In conclusion, we identified IGS2.7 as a small molecule able to inhibit mitophagy. Importantly, its activity was only observed when mitophagy was increased, then IGS2.7 treatment is able to restore to normal levels, which is essential in therapeutics. Although CK1 inhibition may be the route by which mitophagy is modulated, our data point to simultaneous ULK1 modulation as a new target. Finally, its potency as a treatment for ALS was evaluated, and its modulation of autophagy to control levels in different models of familial ALS was demonstrated. This, in addition to its known activity in TDP-43 phosphorylation and MN preservation, makes IGS2.7 a pleiotropic drug able to modulate different pathways altered in ALS.

4. Materials and Methods

4.1. Cell Culture

U2OS-iMLS and U2OS-iMLS-PRKN FlpIn TRex cells [12] were cultured with DMEM with high glucose and glutamine and supplemented with 10% FBS and 1% Pen-Strep at 37 °C and 5% CO2. Cells were selected with 100 µg/mL hygromycin and 5 µg/mL blasticidin (Thermo Fisher Scientific, R21001, Waltham, MA, USA). Additional 2 µg/mL puromycin (Sigma Aldrich, P7255, St. Louis, MO, USA) were used for U2OS-iMLS-PRKN cells. To induce the expression of the mitophagy reporter, 500 µg/mL doxycycline (Clontech, 631311, Mount View, CA, USA) was added for the last 24 h. These cells were obtained from Prof. Anne Simonsen Lab (Faculty of Medicine, Institute of Basic Medical Sciences and Centre for Cancer Cell Reprogramming, Institute of Clinical Medicine, University of Oslo, Norway).
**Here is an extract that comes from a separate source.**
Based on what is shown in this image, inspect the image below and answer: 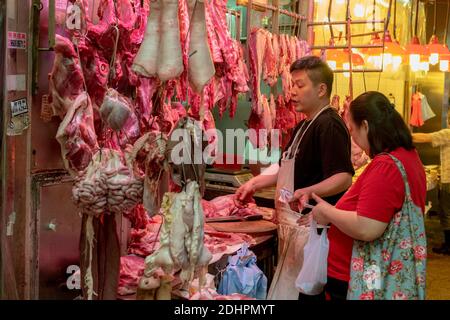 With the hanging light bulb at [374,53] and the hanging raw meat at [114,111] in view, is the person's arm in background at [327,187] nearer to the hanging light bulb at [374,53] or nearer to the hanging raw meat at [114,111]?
the hanging raw meat at [114,111]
ARPE-19 MitoQC cells were maintained in DMEM:F12 (1:1) supplemented with 15% de FBS, 1% glutamine 2 mM, and 1% de pen-strep (0.5 mg/ml) at 37 °C and 5% CO2. Cells were selected with 800 μg/mL hygromycin. This cell line was obtained from Dr. Ian Ganley Lab (School of Life Sciences, University of Dundee, Scotland) [13].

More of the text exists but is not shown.